# Comprehensive Workflow: From Single-Cell Data to ML-Ready Graph Input

This notebook integrates several scripts to perform a full data processing pipeline. The goal is to convert raw single-cell RNA-seq data (`.h5ad`) into a set of files suitable for training a temporal graph network. The process involves:
1.  **Setup & Configuration**: Defining all paths and importing libraries.
2.  **Node Feature Extraction**: Identifying highly variable genes (HVGs) and extracting their expression values for each cell to serve as node features.
3.  **Edge Inference with Palantir**: Calculating a transition probability matrix between cells to infer directed edges and their weights.
4.  **Edge Filtering and Analysis**: Analyzing the distribution of edge weights and filtering them to retain only the most significant connections.
5.  **Final ML Data Preparation**: Assembling the filtered edges, node labels (cell types), and timestamps into a final CSV file and a corresponding feature matrix (`.npy`).
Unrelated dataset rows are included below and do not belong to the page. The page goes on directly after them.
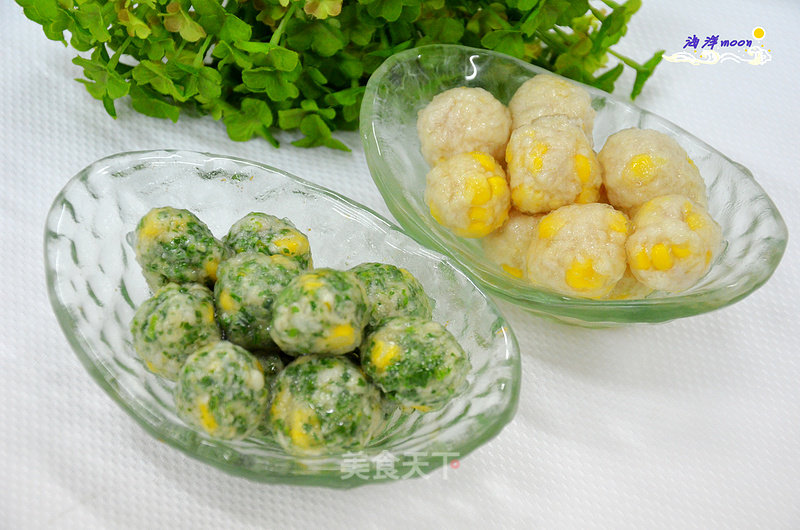 Two-color Small Meatballs recipe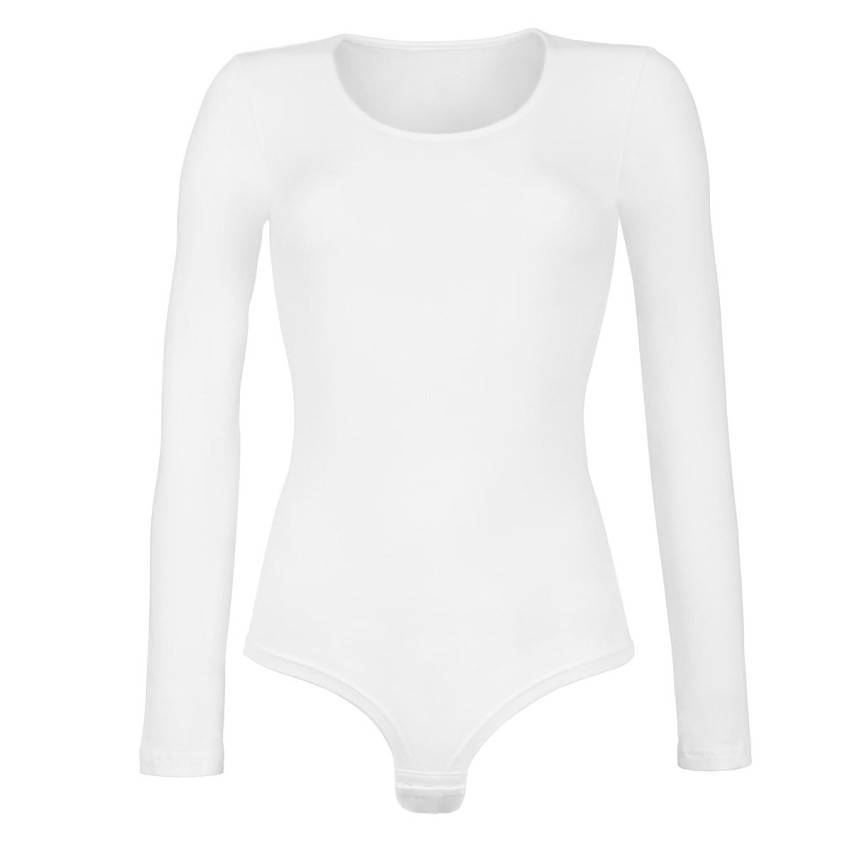 Body Cotonella 3506 donna maniche lunghe in caldo cotone elasticizzato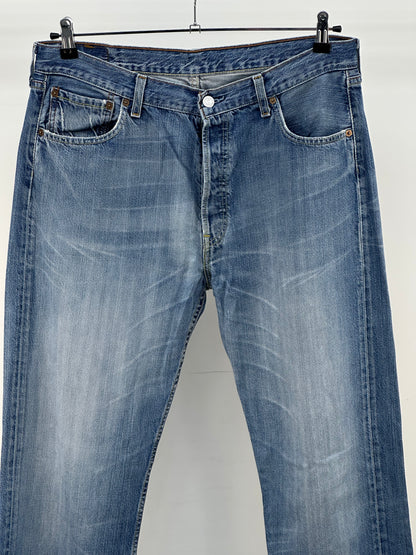 LEVI'S 501 TAGLIA : 50 ITA = W36 L34
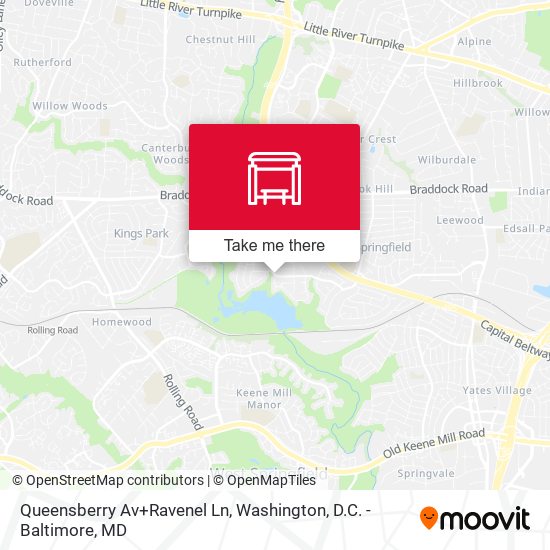 Queensberry Av+Ravenel Ln map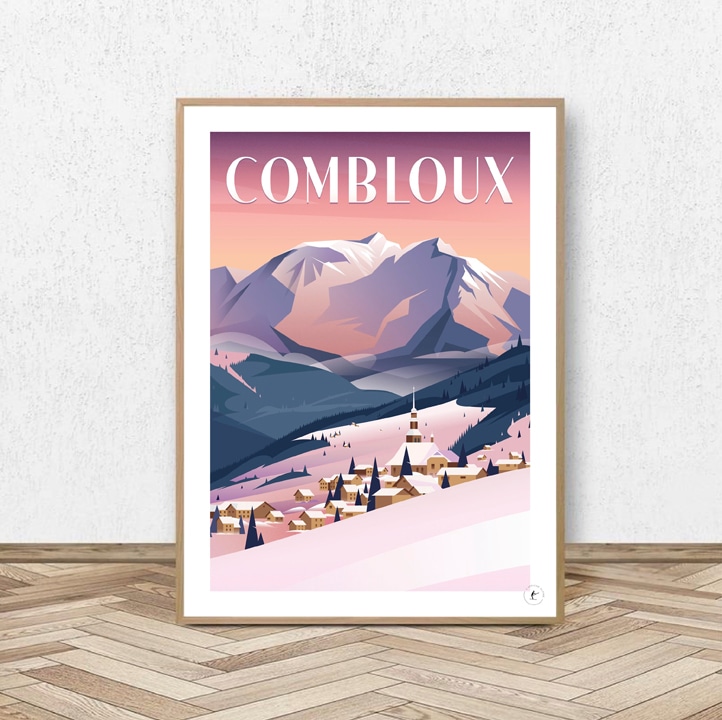 Affiche Combloux - Mont Blanc
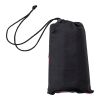Polyester foldable blanket Amal black | No Branding | not available | not available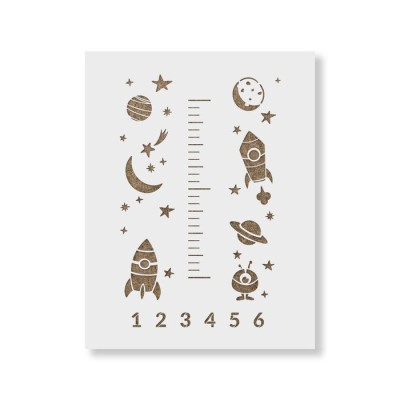 Sablon Perete vopsire, tencuiala 900x600x0.7mm Space Growth Chart Refolosibil, model MXSP7134 foto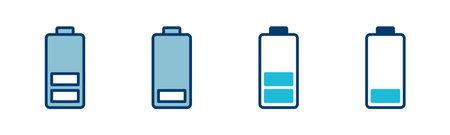 battery icon vector isolated on white background. Battery vector icon. battery charge level. battery charging iconのイラスト素材
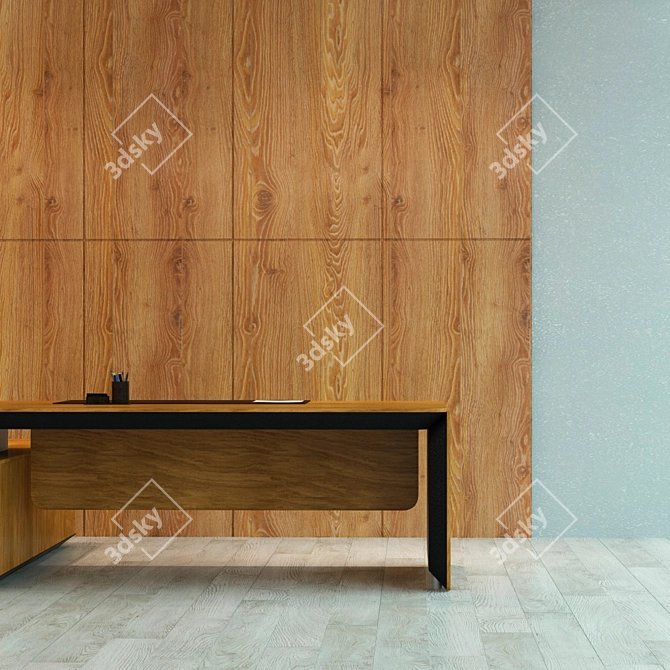 Seamless Wood Panel 53 3D model image 3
### 1. Setup and Configuration

**Goal**: Import all necessary libraries and define all input/output paths in a centralized location. This makes the notebook easier to configure and maintain.

**Input**: The required h5ad-related data files can be obtained through the **data_preparation.ipynb** file.

**Output**: Python variables pointing to file paths and created output directories.

In [None]:
# === Library Imports ===
import os
import pandas as pd
import numpy as np
import anndata as ad
import scanpy as sc
import pickle
from palantir.utils import run_diffusion_maps, determine_multiscale_space, compute_kernel
from tqdm.notebook import tqdm

# === Input Data Paths ===
BASE_INPUT_DIR = "./data/human_bone/"
H5AD_PATH = os.path.join(BASE_INPUT_DIR, "HumanBone.h5ad")
CELL_MAP_PATH = os.path.join(BASE_INPUT_DIR, "cell_map.csv")
CELLTYPE_MAP_PATH = os.path.join(BASE_INPUT_DIR, "celltype_map.csv")

# === Output Directory Configuration ===
BASE_OUTPUT_DIR = "./result/human_bone/"
INTERIM_DATA_DIR = os.path.join(BASE_OUTPUT_DIR, "interim_data")
ML_DATA_DIR = os.path.join(BASE_OUTPUT_DIR, "ml_data")
METADATA_DIR = os.path.join(BASE_OUTPUT_DIR, "metadata")

# --- Create output directories if they don't exist ---
os.makedirs(INTERIM_DATA_DIR, exist_ok=True)
os.makedirs(ML_DATA_DIR, exist_ok=True)
os.makedirs(METADATA_DIR, exist_ok=True)

# === Output File Paths ===
# Metadata files
HVG_INDEX_PATH = os.path.join(METADATA_DIR, 'HVG_1000_gene_index.csv')

# Interim data files
FULL_EDGES_PATH = os.path.join(INTERIM_DATA_DIR, 'palantir_full_edges.csv')
FILTERED_EDGES_PATH = os.path.join(INTERIM_DATA_DIR, 'palantir_filtered_edges_gt0.1.csv')

# Final ML data files
NODE_FEATURES_PATH = os.path.join(ML_DATA_DIR, 'HumanBone_node_features_1000.pkl')
ML_DATAFRAME_PATH = os.path.join(ML_DATA_DIR, 'ml_HumanBone.csv')
ML_EDGE_FEATURES_PATH = os.path.join(ML_DATA_DIR, 'ml_HumanBone_edge_features.npy')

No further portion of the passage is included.